Re: [galaxy-dev] Error on local galaxy using SAM-to-BAM tool on a cluster

2012-04-12 Thread Louise-Amélie Schmitt

Hi,

I'm having the same issue, has it been fixed since then?

Thanks,
L-A


Le 07/11/2011 21:43, Nate Coraor a écrit :

On Nov 4, 2011, at 1:11 PM, Carlos Borroto wrote:


Hi,

Reading a little more about this problem, I see Galaxy uses python
tempfile library (http://docs.python.org/library/tempfile.html),
specifically at line 70 in tools/samtools/sam_to_bam.py:
tmp_dir = tempfile.mkdtemp()

mkdtemp should honor TMPDIR, TEMP or TMP environment variables, I
setup all tree of them in "~/.bashrc" with no results. I'm using:
"default_cluster_job_runner = drmaa://-q all.q -V/"

With "-V" I was hoping to be able to export all my environment
variables, which seems to work for everything else, but not for the
TMP.

I ended hardcoding the "dir" argument, which is not good workaround,
as I'm guessing this is not the only tool that will run into this
problem:
tmp_dir = tempfile.mkdtemp( dir='/home/cborroto/galaxy_dist/database/tmp')

Any advice? In a more SGE related question, is there a way for me to
debug what environment I'm getting when running Galaxy jobs?

Hi Carlos,

Try submitting an SGE job from the command line and having a look at the 
environment variables set on the execution host.  Most likely, SGE is setting 
its own TMPDIR variable which would be overriding the value set with -V.

--nate


Thanks,
Carlos

On Fri, Nov 4, 2011 at 11:22 AM, Carlos Borroto
  wrote:

Hi Jen,

Thanks for the quick response.

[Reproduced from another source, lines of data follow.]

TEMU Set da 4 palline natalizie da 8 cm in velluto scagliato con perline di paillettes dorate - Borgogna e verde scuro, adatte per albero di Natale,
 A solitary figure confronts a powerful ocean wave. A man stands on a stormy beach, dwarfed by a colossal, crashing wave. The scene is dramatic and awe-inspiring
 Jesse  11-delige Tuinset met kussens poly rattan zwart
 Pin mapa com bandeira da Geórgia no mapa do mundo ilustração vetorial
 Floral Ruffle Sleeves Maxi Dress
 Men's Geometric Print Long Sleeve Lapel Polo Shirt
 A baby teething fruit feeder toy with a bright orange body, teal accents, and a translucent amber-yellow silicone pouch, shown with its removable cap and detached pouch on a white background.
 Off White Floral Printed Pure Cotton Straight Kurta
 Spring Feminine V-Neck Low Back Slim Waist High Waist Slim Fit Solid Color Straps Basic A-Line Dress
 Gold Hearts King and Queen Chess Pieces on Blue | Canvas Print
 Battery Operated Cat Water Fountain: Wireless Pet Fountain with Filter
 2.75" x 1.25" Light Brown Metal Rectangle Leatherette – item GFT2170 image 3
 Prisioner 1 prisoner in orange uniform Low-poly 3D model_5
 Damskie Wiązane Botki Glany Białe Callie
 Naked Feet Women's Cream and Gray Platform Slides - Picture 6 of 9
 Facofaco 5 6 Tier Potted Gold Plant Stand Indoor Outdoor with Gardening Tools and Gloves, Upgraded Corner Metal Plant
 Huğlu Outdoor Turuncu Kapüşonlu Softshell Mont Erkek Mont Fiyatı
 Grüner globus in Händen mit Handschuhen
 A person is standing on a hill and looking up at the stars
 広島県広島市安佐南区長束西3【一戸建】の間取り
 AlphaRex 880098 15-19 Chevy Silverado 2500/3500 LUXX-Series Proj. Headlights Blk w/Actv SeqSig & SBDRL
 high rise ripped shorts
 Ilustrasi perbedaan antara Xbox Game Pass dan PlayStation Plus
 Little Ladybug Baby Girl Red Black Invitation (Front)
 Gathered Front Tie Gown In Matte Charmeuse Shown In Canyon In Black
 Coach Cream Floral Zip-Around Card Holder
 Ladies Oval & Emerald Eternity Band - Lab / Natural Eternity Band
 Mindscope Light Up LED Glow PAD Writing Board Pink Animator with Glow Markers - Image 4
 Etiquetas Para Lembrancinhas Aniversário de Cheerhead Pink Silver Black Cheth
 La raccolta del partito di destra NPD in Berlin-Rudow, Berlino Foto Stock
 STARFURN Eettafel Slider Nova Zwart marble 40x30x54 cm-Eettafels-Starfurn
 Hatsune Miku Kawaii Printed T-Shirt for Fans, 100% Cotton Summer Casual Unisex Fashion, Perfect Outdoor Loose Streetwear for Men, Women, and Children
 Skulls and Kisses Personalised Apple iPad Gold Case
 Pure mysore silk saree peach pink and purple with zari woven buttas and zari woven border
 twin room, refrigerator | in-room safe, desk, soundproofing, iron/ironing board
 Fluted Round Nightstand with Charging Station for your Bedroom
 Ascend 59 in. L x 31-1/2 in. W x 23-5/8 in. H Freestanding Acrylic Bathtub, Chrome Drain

The workaround you describe could work,
but I might run into trouble later on.

My interest is to develop a workflow for GATK, which have very strict
requirements on the input BAM file. One of which is that the sorting
have to be exactly the same as the reference. My reference is not
sorted lexicographically "chr1, chr10, chr11, ", but instead is
sorted karyotypically "chr1, chr2, ...". I don't think I'll be able to
do this with "Filter and Sort ->  Sort". Also GATK needs the header for
the @RG tags, which I could resolve by just reintroducing the header
later on, but still it will be cumbersome.

I'll work on my galaxy/cluster configuration and see if I can find why
the SAM-to-BAM tool is failing.

Thanks again,
Carlos

On Thu, Nov 3, 2011 at 6:35 PM, Jennifer Jackson  wrote:

Hello Carlos,

If what you want is a sorted SAM file, then the tool "Filter and Sort ->
Sort" may be a better choice. A SAM file is a tabular file.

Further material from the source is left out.